How to run E85 in your car
The sweet-smelling, high-octane awesomeness of E85 gets us excited. It really is an awesome option for people wanting to squeeze more go out of their turbocharged or supercharged cars but it does have a few drawbacks.
Firstly, compared to regular unleaded you'll use 30% more to travel the same distance and that's down to the chemical make-up of the fuel. Secondly, ethanol is a form of alcohol and it will destroy any rubber hoses or seals not made to withstand alcohol, leading to fuel leaks, blocked fuel filters, trashed fuel pumps and injectors, and more.
The good news is it's not impossible to set your car up to run E85 at the track, and regular unleaded for the daily drive to work, so you're not stuck carrying jerrycans of fuel around like we had to with the Suba-ute.
The secret is what is called a flex-fuel sensor, which you fit to your fuel line so it can read the ethanol content of the fuel running through it. The sensor then reports this to the ECU and the computer adjusts the engine's tune to take into account whether you're running spicy fuel for awesome boosty fun times, or you're driving Janet from Accounts to work in peak-hour traffic.
Some cars (like certain V8 Holden Commodores) actually come set-up for flex-fuel from the factory, but most cars we play with have no provision to run E85 long-term, and aren't tuned for the awesome corn sauce. This means there is a bunch of set-up required to get your nugget ready for E85 or the flex-fuel life.
Our mates at Haltech made this awesome graphic to explain how a flex fuel sensor fits into your fuel system. There are a few different ways to set it up, but the below image is the most common way to do it.
Obviously, if you don't have a car set-up to run flex-fuel from the factory you'll also be buying an ECU which can be tuned to run on several different fuel types. The car needs to be tuned on regular fuel with no ethanol content and then with full 85% ethanol, and then the tune can be adjusted so as the ethanol content changes the ECU knows how much timing, fuel and boost to run.
We've been mates with the legends at Haltech for years and we've set up a bunch of cars with flex-fuel on their Elite ECUs and Nexus VCUs.
Because ethanol will shred your rubber fuel lines, breaking them down internally and causing them to swell, split and generally cause you both a massive fire hazard and big problems for your fuel filter and injectors.

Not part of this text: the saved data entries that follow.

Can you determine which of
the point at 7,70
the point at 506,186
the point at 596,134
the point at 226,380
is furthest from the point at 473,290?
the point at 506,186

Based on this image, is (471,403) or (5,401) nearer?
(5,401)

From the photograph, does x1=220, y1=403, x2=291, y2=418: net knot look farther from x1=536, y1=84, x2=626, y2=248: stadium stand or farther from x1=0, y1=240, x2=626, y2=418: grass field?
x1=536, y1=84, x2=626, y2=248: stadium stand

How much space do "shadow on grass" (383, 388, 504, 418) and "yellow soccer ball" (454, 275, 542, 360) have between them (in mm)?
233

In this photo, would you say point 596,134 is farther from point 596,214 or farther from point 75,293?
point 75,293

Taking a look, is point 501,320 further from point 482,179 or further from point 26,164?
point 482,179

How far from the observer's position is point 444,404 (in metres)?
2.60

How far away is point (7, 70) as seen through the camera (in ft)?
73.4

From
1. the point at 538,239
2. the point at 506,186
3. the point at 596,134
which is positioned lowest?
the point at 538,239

To fix this you need to replace all rubber hose with Teflon-lined hose, like this 200 Series hose from our mates at Raceworks. The Telfon won't break down and you can read THIS STORY HERE about how to make these types of fuel hoses.

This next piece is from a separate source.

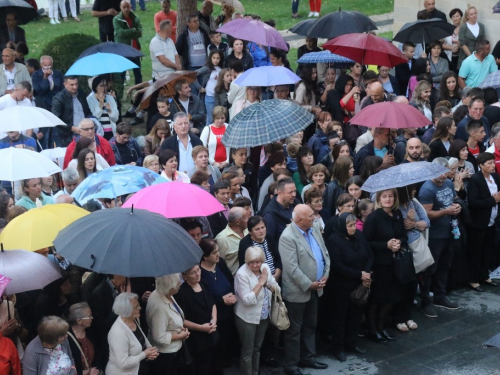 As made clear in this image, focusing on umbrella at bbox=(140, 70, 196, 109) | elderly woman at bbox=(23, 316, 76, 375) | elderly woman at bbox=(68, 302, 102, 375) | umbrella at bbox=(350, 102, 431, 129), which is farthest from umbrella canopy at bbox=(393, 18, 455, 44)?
elderly woman at bbox=(23, 316, 76, 375)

Your in-tank fuel pump will need to be E85-rated, as will all the rubber in the hanger. This is why some cars need to have a new cradle added which can tolerate E85 fuel.

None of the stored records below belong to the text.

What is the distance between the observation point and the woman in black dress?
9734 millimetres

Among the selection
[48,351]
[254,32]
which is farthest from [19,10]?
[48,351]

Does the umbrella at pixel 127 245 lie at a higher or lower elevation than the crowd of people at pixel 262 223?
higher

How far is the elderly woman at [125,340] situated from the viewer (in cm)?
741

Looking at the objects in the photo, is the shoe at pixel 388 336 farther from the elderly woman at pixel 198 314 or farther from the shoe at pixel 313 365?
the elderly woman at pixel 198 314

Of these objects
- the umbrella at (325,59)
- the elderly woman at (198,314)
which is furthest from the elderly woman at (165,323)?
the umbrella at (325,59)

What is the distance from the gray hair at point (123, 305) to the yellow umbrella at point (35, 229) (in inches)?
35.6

When setting up the flex-fuel system on my 1964 Pontiac (CLICK HERE) we knew the engine was going to make a bunch of horsepower so we had to add a surge tank and two extra fuel pumps as E85 requires 30% more flow than regular unleaded. Depending on how spicy you go with the engine set-up in your car you may also need to increase the size of the fuel lines from the tank to the engine. Obviously the injectors will also need to be upgraded to suit this flow/power requirement as well.
The elephant in the room about all of this is the expense and time required to go right through your fuel system and upgrade your ECU (if it needs it). This is why smart people recommend choosing what fuel you'll run at the very outset of the build, because this will guide what ECU and fuel plumbing solutions you'll need.
Obviously, it is easier to just stick with only running unleaded fuel but the benefits of E85's knock-resistance on hot days makes it worthwhile alone for anyone wanting to push their car.